パパサンキュー(8839円)セットも

東京 丸の内のデパートの食品売場では、父の日にあわせて、ふだんの1.5倍から2倍程度の価格帯の弁当やオードブルの販売に力を入れています。

このうち主力の弁当はうなぎのかば焼きとローストビーフが入ったものなどもあり、平均価格は2500円から4000円ほどです。

また、精肉店ではステーキ用の国産牛サーロイン4枚とスパイスのセットが「パパサンキュー」にかけて8839円で売られていました。

夫と子どもとともに買い物に来ていた千葉県市川市の30代の女性は「物価高なのでふだんは節約して生活していますが、せっかくのイベントなのでたまにはお金を使ってもいいかなと思います」と話していました。

大丸東京店食品担当の浅川幸治さんは「円安や物価高でなかなかお客様の財布のひもは固いですが、お花見や母の日といったカレンダーマーケットは緩むので、こういう時だからこそ、ふだんよりぜいたくなものをお父さんへというコンセプトで商品を展開しています。ことしは父の日向けの品を早めに探す動きがあるので前年比プラス5%くらいの売り上げを狙っていきたいです」と話していました。

「1本1万1000円の日傘」が人気

一方、東京 池袋のデパートでは、1本1万円を超える男性用の日傘が人気を集めています。

雑貨を扱うフロアに設けられた日傘コーナーには、男性の利用が広がっていることを受けて、父の日に向けて男性用の日傘も取りそろえられています。

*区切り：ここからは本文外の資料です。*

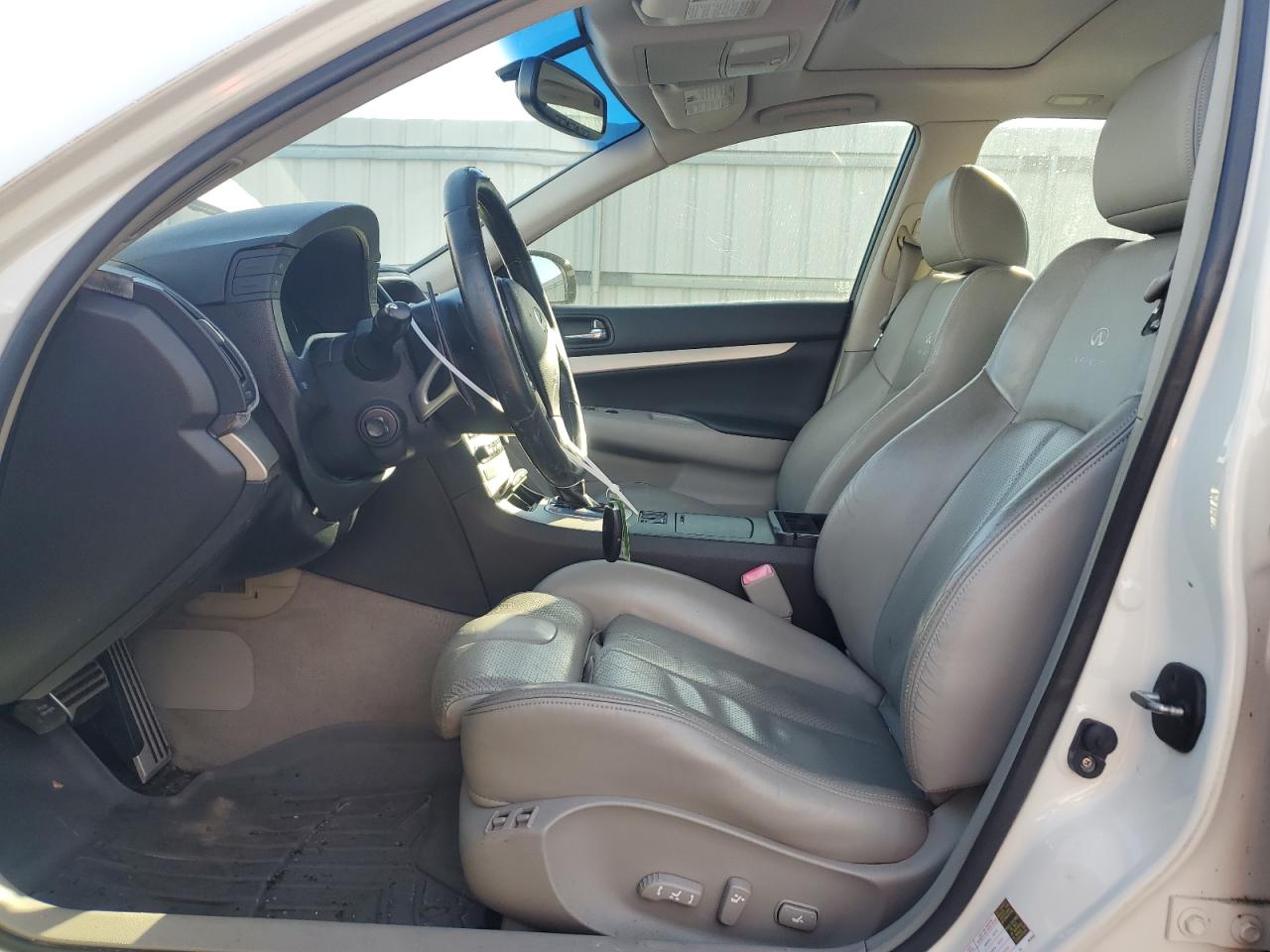 2008 Infiniti G - Image 7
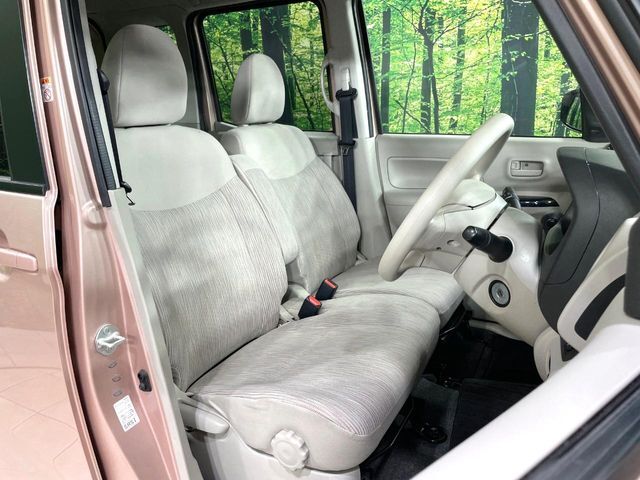 運転席シート廻りは使用感も少なく、良好な状態となっています。丁寧に使われていたことがよくわかりますね。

このうち、雨の日にも使えるアメリカの人気ブランドの1本1万1000円の折りたたみ日傘は、通常の日傘の2倍程度の価格ですが今月に入ってよく売れているということです。

靴下やシャツなどの定番商品をそろえた紳士服売り場の父の日の特設コーナーも賑わっていました。

このコーナーを担当している西武池袋本店の石井真理子さんは「遠方のお父様にしっかりこだわった良いものを送りたいという気持ちで事前に準備される方がことしは特に多いと感じます。物価高のため品物の価格は高騰していますが『晴れの日にはこだわった良いものを』と提案しています」と話していました。

専門家「特別な日はぜいたくに メリハリある消費傾向」

経済の動向や消費に詳しい第一生命経済研究所の星野卓也主席エコノミストは「近頃の消費者はふだんの生活コストはできるだけ抑えて節約するが、特別な日などイベントの際には一気にぜいたくするなどメリハリをつけて消費する傾向がある。デパートはスーパーなどより高品質なものを特別な日などに買ってもらうことに特化した業態だ。今月から定額減税が始まったことも追い風となって、消費者の側にもいつもより単価が高いものを買いたいというニーズがあるとみられる」と分析しています。